Ihre Mutter bekommt wohl 10% bei Cyberport und ich hab mir mal beide Notebooks von oben angesehen, das mit Blueray ist ja Blödsinn, wenn man keinen Full-HD Fernseher oder Display hat. Fällt also raus...
Daher wäre das Lenovo eine Idee oder dieses:
Packard Bell EASYNOTE TM98-JN-066GE + 2GB RAM

 Meine Frage: Wie sind die Grafikkarten einzuschätzen?! Dass der i5 den i3 abhängt, ist klar. Beide 4Gig Ram, sonst kaum Unterschiede. Ist die GF soviel besser?

LG und Danke für die Hilfe!
(PS: Nur office und Internet Anwendungen, evtl. mal Fotos bearbeiten o.ä.
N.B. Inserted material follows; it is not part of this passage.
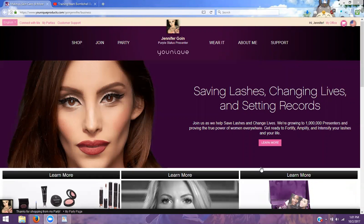Hey, everybody. So I am here to do a training on how to open up a party link for your customer and how we're going to customize that individual party link.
Keine Spiele außer vll Sims3 oder so ...)


----------



## we3dm4n (29. Dezember 2010)

"Keine Spiele *außer vllt Sims 3*" - du Scherzkeks 

Das Spiel hat schon etwas höhere Anforderungen - da sollte es dann schon das Lenovo werden.

Dein Cyperport-Link funktioniert übrigens nicht


----------



## Sabcoll (29. Dezember 2010)

Sorry, der Link geht jetzt jedenfalls.

Naja Sims3 spielt ihre kleine Schwester, ich weiß also nicht ob sie es vielleicht auch mal spielen will. Ich gehe aber eher nicht davon aus.

Frage bleibt, da der Link ja nun funktioniert, die selbe: lohnt der Aufpreis?


----------



## Herbboy (29. Dezember 2010)

Die Grafikkarten der beiden Notebooks sind ca. gleichstark, SIMs3 würde auf Mittel um die 25-30FPS laufen, in low mit über 60FPS. Bei dem teureren Notebook, dem Lenovo, ist die CPU besser, vermutlich auch die Qualität - daher ist der Aufpreis schon lohnenswert.


----------